You can’t talk about Lisbon without talking about the tiles on so many of the buildings, patterned in the Moorish style (geometric), or in far more European styles with murals, or hybrid picture patterns. Those are the distinct types:. Moorish or Islamic influenced tiles don’t have pictures per se, just pattern, hybrid have recognisable pictures of flowers or birds, but just form repeats (like wall paper), and murals are just pictures made from tiles.



I commented to Amanda that were someone from Portugal to come to the City of London they would recognise the building types but maybe believe them to be unfinished because they haven’t been tiled.
If buildings aren’t tiles they are frequently painted in rich pastel colours, the Presidential Palace is pink (and referring to the video, we know the president wasn’t in because his flag wasn’t flying). We should also say that this tiling isn’t just the grand houses or places of commerce, it’s the tenements, road side walls, tunnels , almost any and all spaces have tiles of one sort or another. Where they are in a good state of repair and the pattern is complete they are spectacular.







Generally we liked Lisbon, the expo 98 site outside of the old city (like London’s Docklands) http://en.wikipedia.org/wiki/Expo_'98 was a stark contrast; a juxtaposition of the new and the old Lisbons (and we don’t use words like juxtaposition unless we mean it). The new Lisbon like Docklands nods to the old city but stands alone, in terms of architecture and stature. Tall buildings, glass curtain walls, odd geometry, gravity defying structures like the Pavillion of Portugal, designed to look like a sheet of paper resting between two bricks (and currently an umbrella to a 20ft tall fibre glass Tyrannosaurus Rex).


Giant Cubist Nob Sculpture

Tile Wall Oceanarium
The Central Station of Expo98
The train Station, the Spinnaker like building at one end of the citys cable car ride, the twin towers with their Carvel Lateen sail shapes, and old tower from a refinery that stood on the site previously, and all those names we are now familiar with for all the wrong reasons ... the banks and their Bang without Boom lending.

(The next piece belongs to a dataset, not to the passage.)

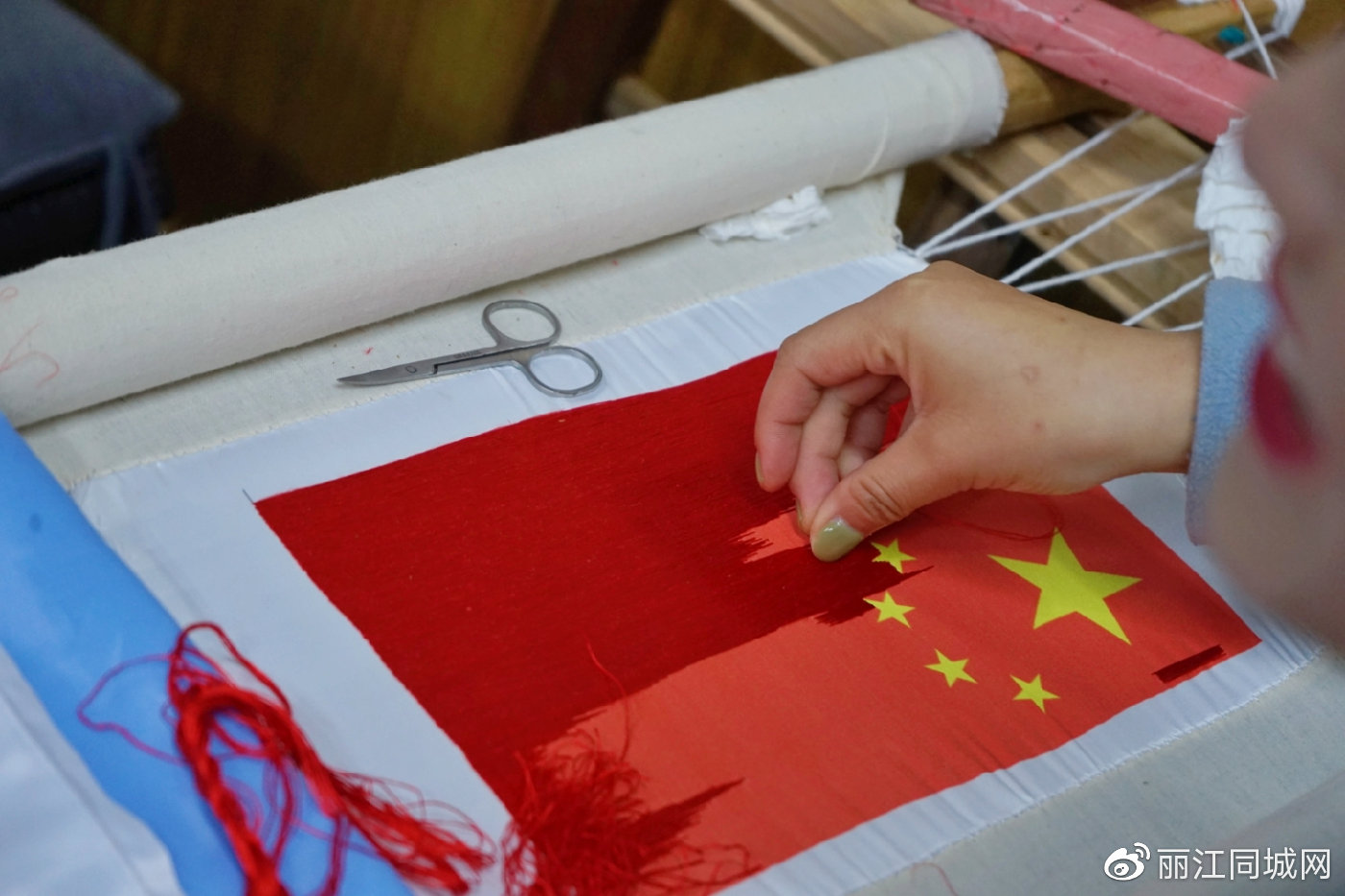 用指尖上的艺术"滇绣",绣一副五星红旗是什么感受?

Brick Supporting Paper and Tyrannosaurus 
Super Heroes Mural DC and Marvel Universe

For me it was an interesting mix, a microcosm of the cityscape I am so familiar with London; by a River, the seat of Government, home of museums and culture, a gateway to the world from the distant past to the emerging future. A bustle of buses, cars and trams, and trains and ships and people all viewed in one mind expanding eyeful. In some ways I was also reminded of the Liffey in Dublin, the city stretches to the gates of the Irish Sea. London is inland, protected from the ferocity of the North Sea, Lisbon looks out everyday onto the Atlantic. Between it and Ocean City Maryland in the United States (if I read my maps right), lies the specs of the Azores and lots of open water, when the wind moves the Atlantic Lisbon feels it. It deserves more than two days, and maybe we’ll come back one day. Given its position, close to resorts and inconsideration of its antiquity and once might, I would put Lisbon way up the list on your must sees. There are grubby bits, but aren’t there everywhere, those bits just waiting for the eye and imagination to take them into the future. Portugal isn’t really in the Algarve, be under no illusion, it’s in Lisbon.